Amazon and Google now have company in the game-streaming wars—in the form of a major game publisher, no less. On Thursday, Microsoft announced its acquisition of a burgeoning game-streaming service called Beam, and its mix of unique features and exclusive game integration should get the attention of the streaming world’s current leaders.
Beam, which is headquartered down the road from Microsoft in Redmond, WA, is built around gamification features that encourage and reward active participation. The more you watch and interact with Beam, the more Beam XP you earn, which can be spent on in-game votes, cosmetic boosts, and other perks within the Beam interface. (Some of these boosts can only be earned when Beam doesn’t recognize the use of ad-blocking services.) Like Twitch, Beam offers an SDK to game developers for integration with their games, but Beam’s interface has been built from the ground up to display tappable icons on both desktop and mobile platforms to alter or influence a myriad of factors in a given game. We imagine that will make “Beam Plays” sessions smoother to build, even for game fans who are inserting crowd-participation experiments into existing games.

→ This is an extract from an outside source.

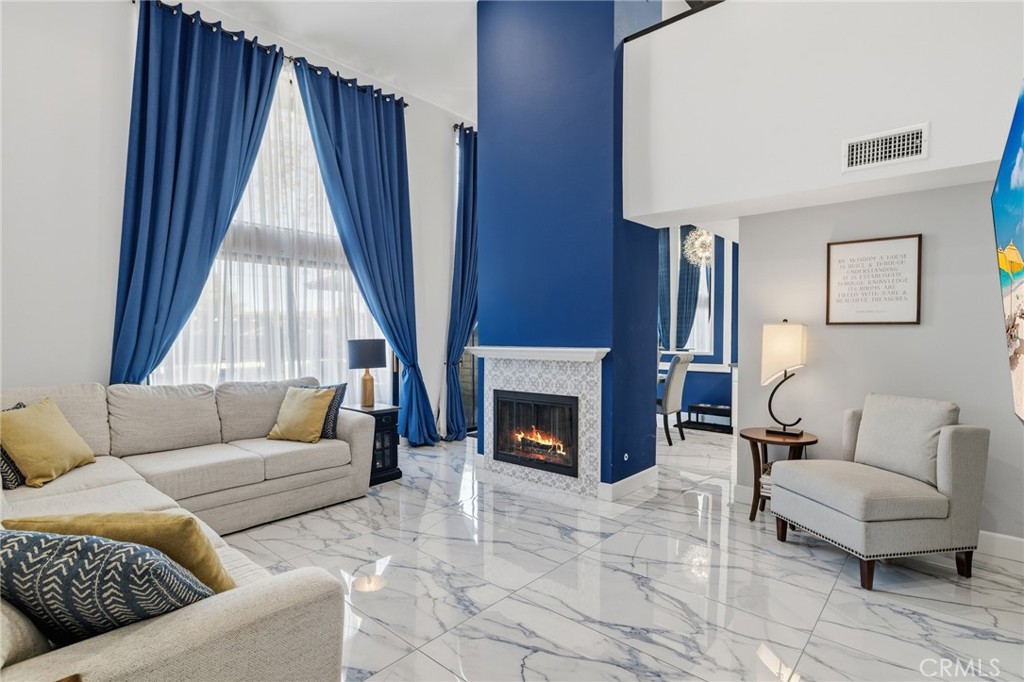 Vista Valencia (VVAL) - Residential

Microsoft apparently won’t waste much time jumping on this interactive aspect, as its announcements talked a lot about how Minecraft games can be altered by Beam’s audience-participation systems—the company showed some video proof, to boot. Viewers can spawn bad guys, make volcanoes erupt, and do more via a clean, button-controlled interface. Beam will also support team-based streaming, which Microsoft has begun advertising by talking about its not-yet-released Xbox and PC game Sea of Thieves. (That game revolves around teams of players talking to each other while managing parallel objectives, including the simultaneous piloting, repair, and combat systems in its zany pirate ships.)